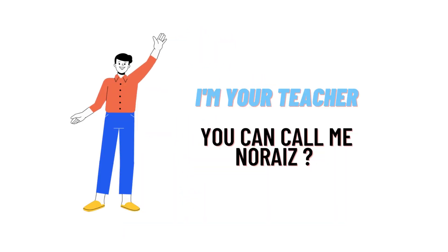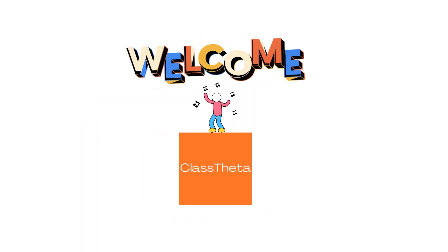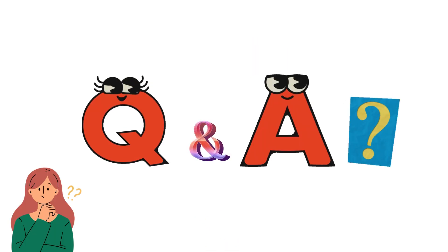Hello everybody, how are you? I am Noreth, your teacher here. We'll be teaching you different questions and their answers. I welcome you on classrita.com, where we'll be discussing questions. So let's get to the questions.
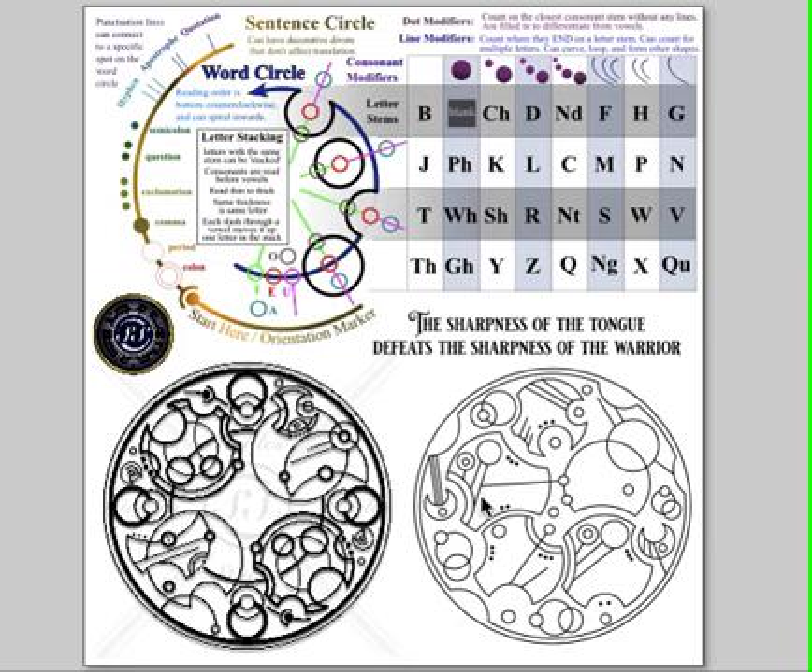And then we have this word here — it's another 'sharpness': S, H two dots, A outside the word circle, R three dots, P, N, E, double S — just like the previous 'sharpness.' Then O, F with three lines — just like that 'of.' Then T, H, E. Then our last word: W, A, double R, I, O, R. So: 'the sharpness of the tongue defeats the sharpness of the warrior.'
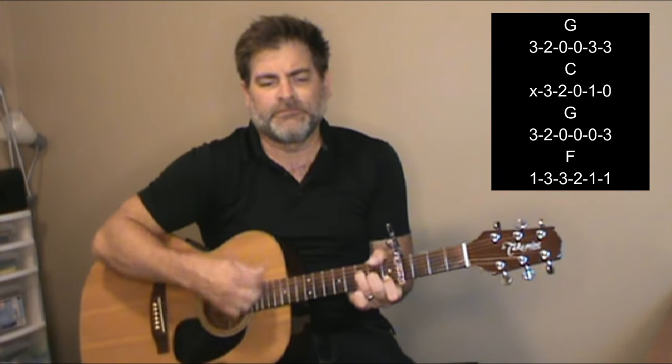We're going to do it one more time just for the sake of practice. A minor, G to F, then G to F again. G, G, F, G, F. Here's your chorus.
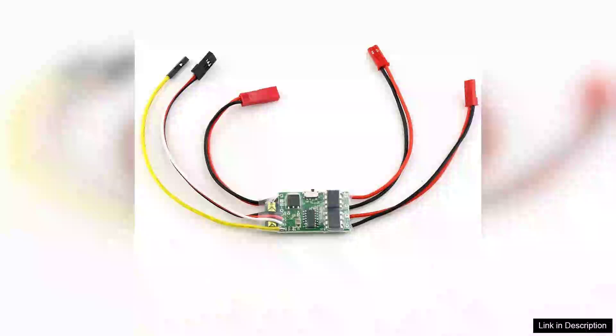The brushed ESC speed controller, 5A with best mix control, is an excellent choice for hobbyists looking to elevate their RC experience. This compact speed controller is designed for both new and experienced users, offering reliability and precision.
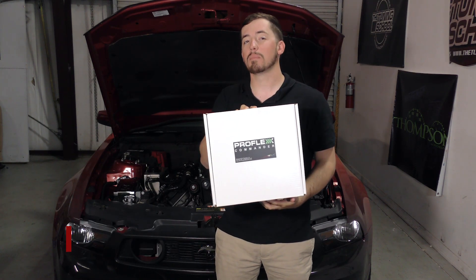Hey everybody, it's Brett here with The Tuning School, and today I'm going to be installing the ProFlex Commander by Advanced Field Dynamics on our 2011 Ford Mustang.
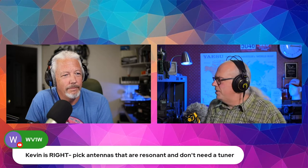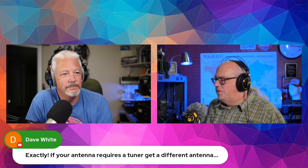Kevin's right — antennas that are resonant don't need a tuner. If your antenna requires a tuner, get a different antenna. Though some of us like multi-band antennas and the convenience they give us, especially working out of the home shack.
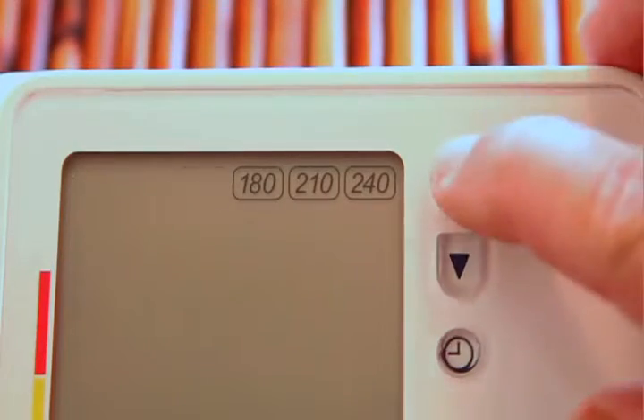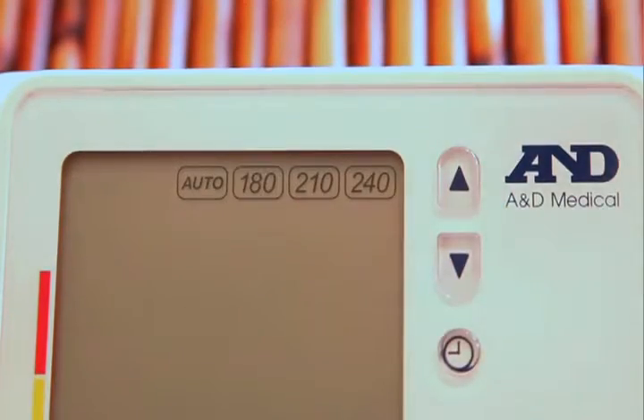After adjusting the time and date, the next screen you'll see is for setting the cuff pressure. You may leave it on automatic or select higher pressures for more rapid readings.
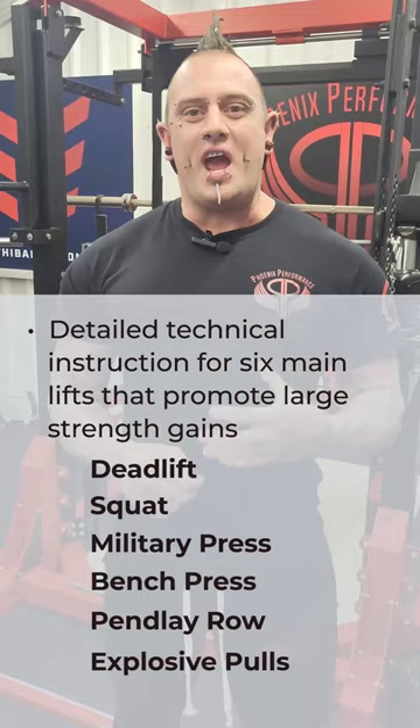We even do this with the assistance exercises of the chapter. So not only are you going to know how to program your own training better, you're also going to be able to make sure that you're performing these lifts to the best of your ability so that you can get the most from them.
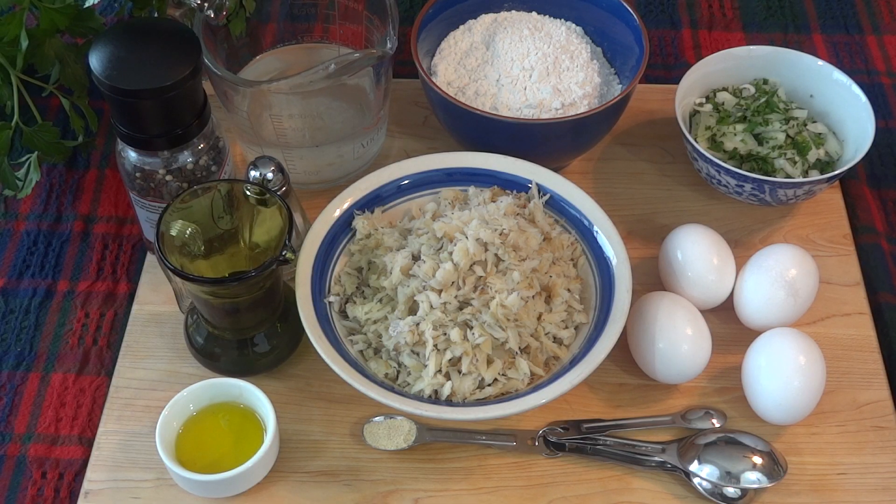The ingredients for the recipe are four eggs, one and one-half cups of flour, one-half of a small onion finely minced, two tablespoons of parsley finely minced, one-half teaspoon of garlic powder, one tablespoon of olive oil, salt and pepper to taste, one cup of water from cooking the codfish, one quarter cup of olive oil, one quarter cup of vegetable oil for cooking.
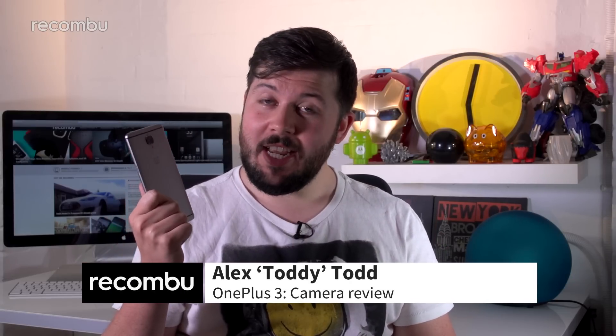The OnePlus 3 packs some serious specs considering its £309 asking price, one of which is the 16 megapixel camera jutting out from the back side. But is it a case of snap happy or snap crappy? Here's our OnePlus 3 camera review.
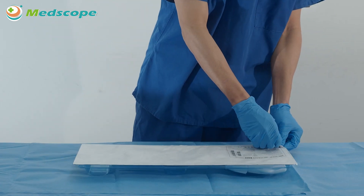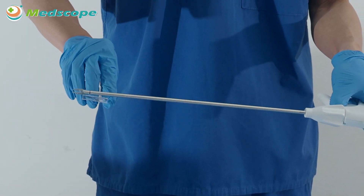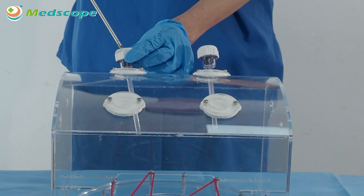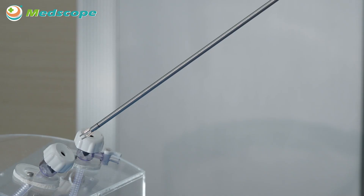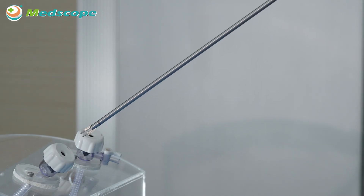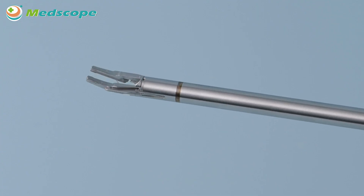C-A56 series 5mm single-use clip applier instructions: 1. Peel off the stabilized blister packaging. 2. Take out the clip applier and pull up the release plug from the shaft. 3. Insert the clip applier into a proper size trocar. If you need to insert the clip applier again during an operation, please ensure the clip is not preloaded into the jaw to prevent the clip from dropping off into the body of the patient.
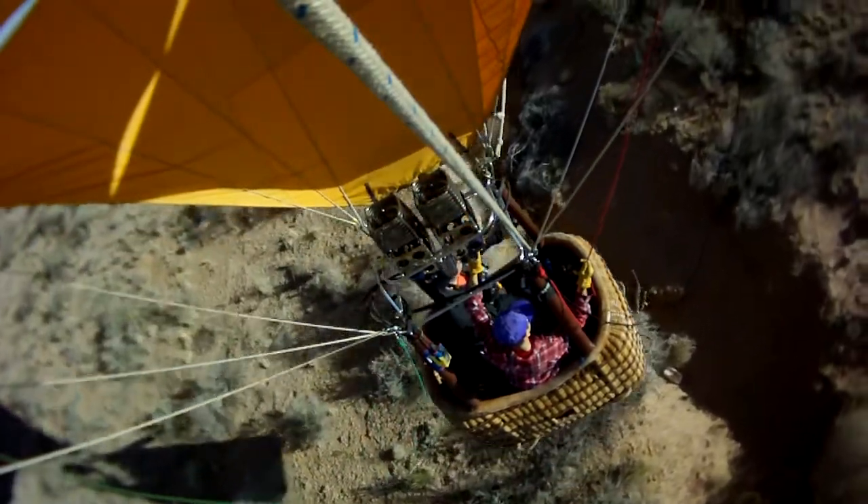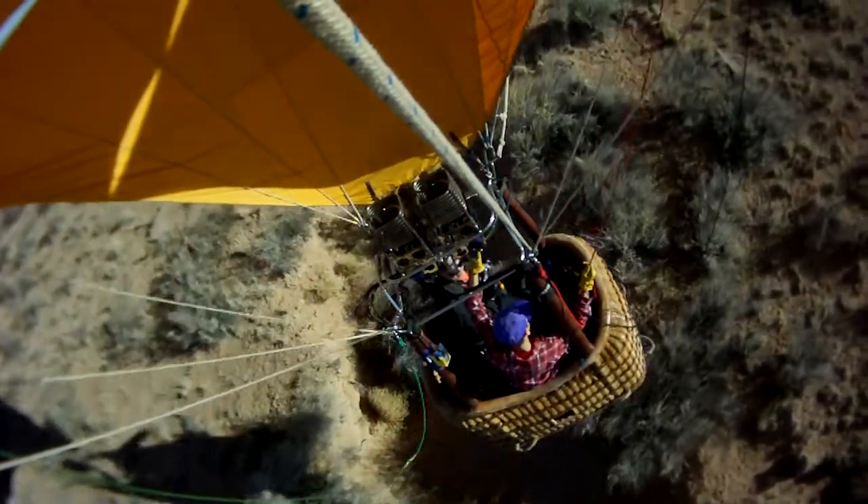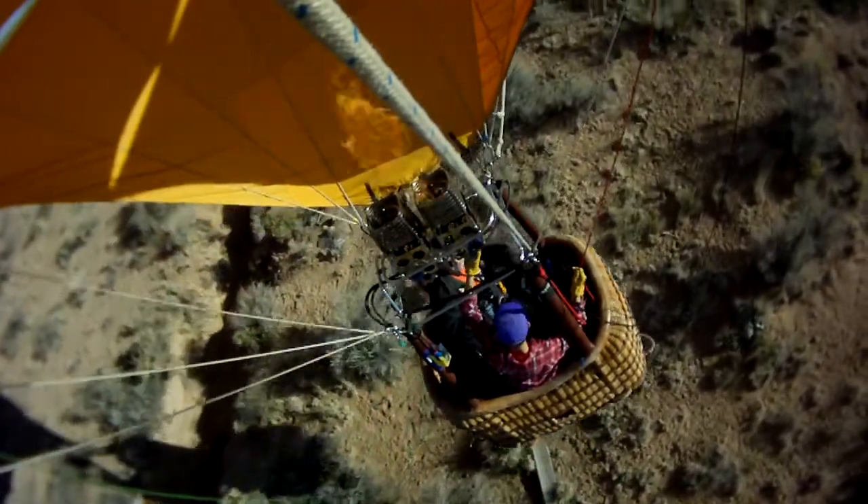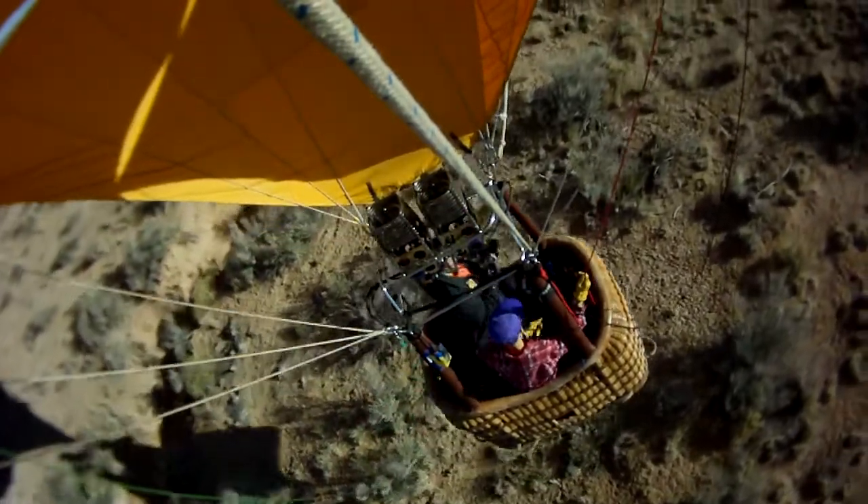I want you to just follow the frame. I want you to get that down. Man, that's what's awesome. You can do that. You can do anything in the air. Anything else.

§ TASK DETAILS
Could each line of the data be written out exactly, with no pictures included?

§ RESULT OF THE EXERCISE
Hello everybody, how are you? I am Noreth, your teacher here. We'll be teaching you different questions and their answers. I welcome you on classrita.com, where we'll be discussing questions. So let's get to the questions.
And then we have this word here — it's another 'sharpness': S, H two dots, A outside the word circle, R three dots, P, N, E, double S — just like the previous 'sharpness.' Then O, F with three lines — just like that 'of.' Then T, H, E. Then our last word: W, A, double R, I, O, R. So: 'the sharpness of the tongue defeats the sharpness of the warrior.'
We're going to do it one more time just for the sake of practice. A minor, G to F, then G to F again. G, G, F, G, F. Here's your chorus.
The brushed ESC speed controller, 5A with best mix control, is an excellent choice for hobbyists looking to elevate their RC experience. This compact speed controller is designed for both new and experienced users, offering reliability and precision.
Hey everybody, it's Brett here with The Tuning School, and today I'm going to be installing the ProFlex Commander by Advanced Field Dynamics on our 2011 Ford Mustang.
Kevin's right — antennas that are resonant don't need a tuner. If your antenna requires a tuner, get a different antenna. Though some of us like multi-band antennas and the convenience they give us, especially working out of the home shack.
After adjusting the time and date, the next screen you'll see is for setting the cuff pressure. You may leave it on automatic or select higher pressures for more rapid readings.
We even do this with the assistance exercises of the chapter. So not only are you going to know how to program your own training better, you're also going to be able to make sure that you're performing these lifts to the best of your ability so that you can get the most from them.
The ingredients for the recipe are four eggs, one and one-half cups of flour, one-half of a small onion finely minced, two tablespoons of parsley finely minced, one-half teaspoon of garlic powder, one tablespoon of olive oil, salt and pepper to taste, one cup of water from cooking the codfish, one quarter cup of olive oil, one quarter cup of vegetable oil for cooking.
The OnePlus 3 packs some serious specs considering its £309 asking price, one of which is the 16 megapixel camera jutting out from the back side. But is it a case of snap happy or snap crappy? Here's our OnePlus 3 camera review.
C-A56 series 5mm single-use clip applier instructions: 1. Peel off the stabilized blister packaging. 2. Take out the clip applier and pull up the release plug from the shaft. 3. Insert the clip applier into a proper size trocar. If you need to insert the clip applier again during an operation, please ensure the clip is not preloaded into the jaw to prevent the clip from dropping off into the body of the patient.
I want you to just follow the frame. I want you to get that down. Man, that's what's awesome. You can do that. You can do anything in the air. Anything else.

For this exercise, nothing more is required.